• _Dataset content_

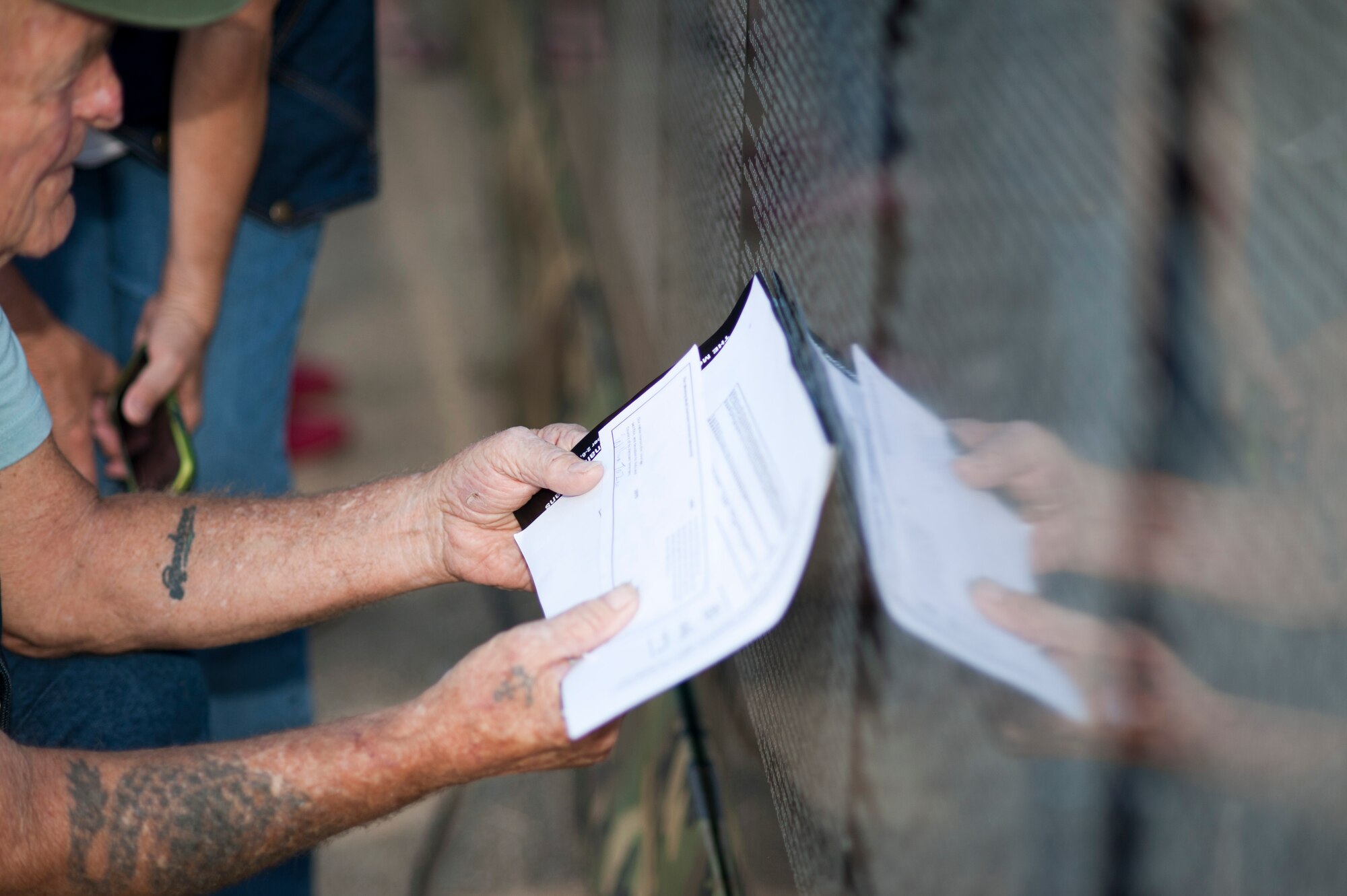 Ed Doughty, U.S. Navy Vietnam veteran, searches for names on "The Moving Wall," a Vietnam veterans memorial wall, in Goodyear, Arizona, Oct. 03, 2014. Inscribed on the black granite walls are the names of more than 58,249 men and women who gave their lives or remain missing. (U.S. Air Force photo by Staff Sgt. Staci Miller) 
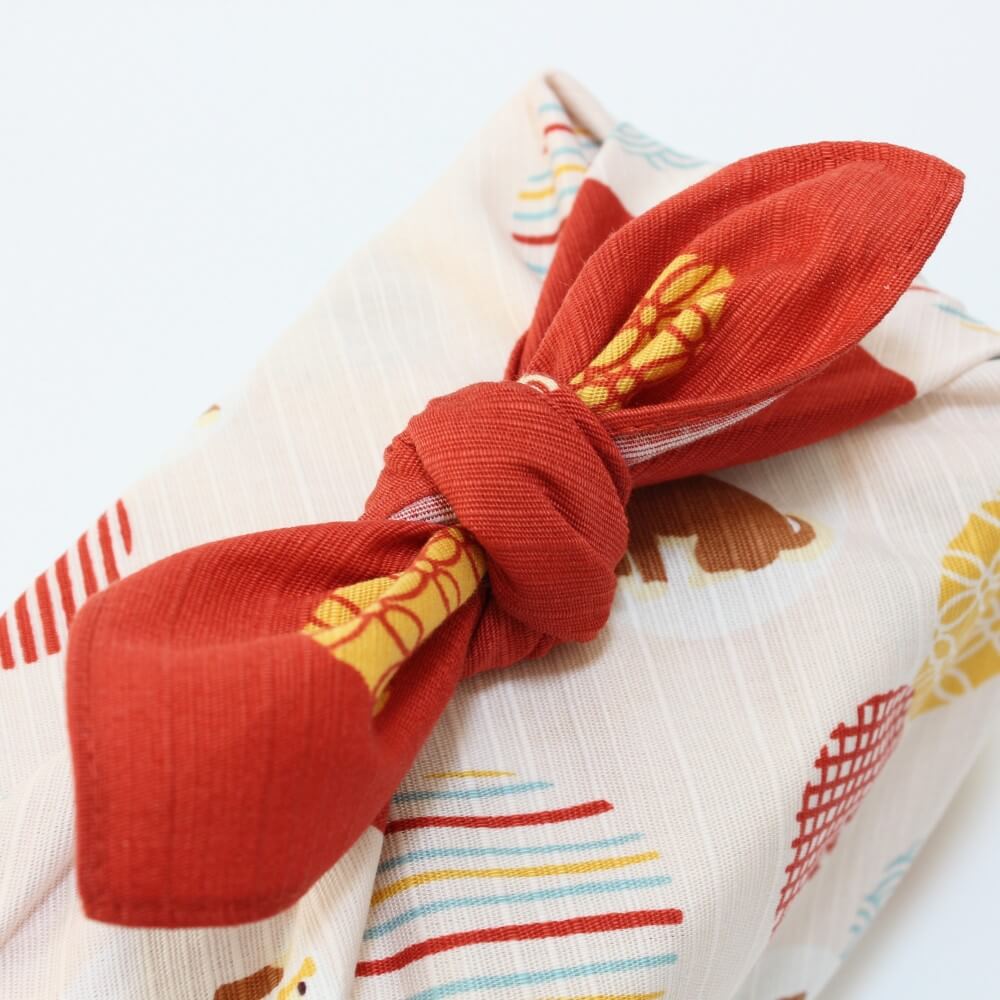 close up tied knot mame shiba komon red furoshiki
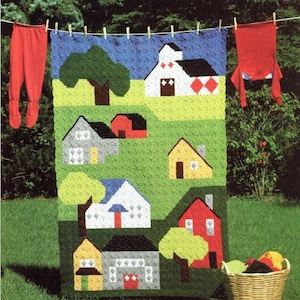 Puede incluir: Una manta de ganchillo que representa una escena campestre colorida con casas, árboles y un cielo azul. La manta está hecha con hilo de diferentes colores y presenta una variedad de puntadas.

• _Activity_
Restate, exactly as they appear, the line with "close up tied" and all the lines after it up to the end of the data above; images do not belong in the copy.

• _Exercise result_
 close up tied knot mame shiba komon red furoshiki
 Puede incluir: Una manta de ganchillo que representa una escena campestre colorida con casas, árboles y un cielo azul. La manta está hecha con hilo de diferentes colores y presenta una variedad de puntadas.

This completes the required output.